WORK TO COMPLETE =>
Reproduce the listing below from the line with "Ark Mobile มือถือ" to the line with "Espresso kop - potteskjuler – produktbillede", both lines included, character for character, minus any pictures.

MATERIAL FOR THE TASK =>
[Start of section]

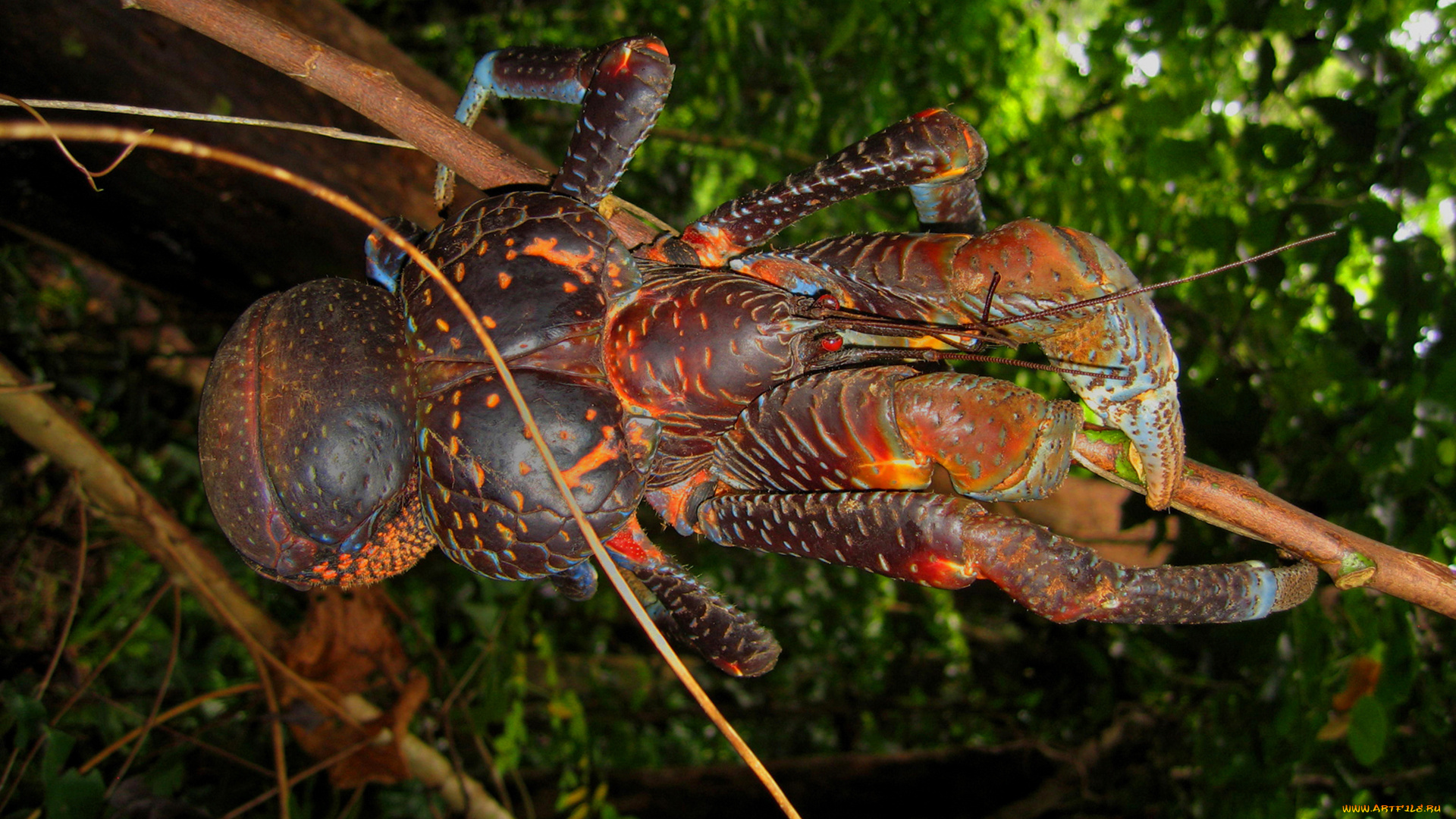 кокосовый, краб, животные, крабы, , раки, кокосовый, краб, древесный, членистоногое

[End of section]
[Start of section]

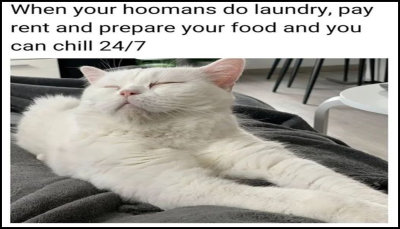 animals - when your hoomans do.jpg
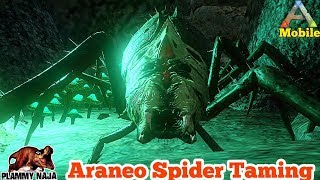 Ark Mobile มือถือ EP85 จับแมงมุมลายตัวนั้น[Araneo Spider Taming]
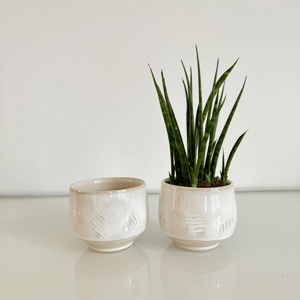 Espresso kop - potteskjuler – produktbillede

[End of section]

ANSWER FOR THIS EXERCISE =>
 Ark Mobile มือถือ EP85 จับแมงมุมลายตัวนั้น[Araneo Spider Taming]
 Espresso kop - potteskjuler – produktbillede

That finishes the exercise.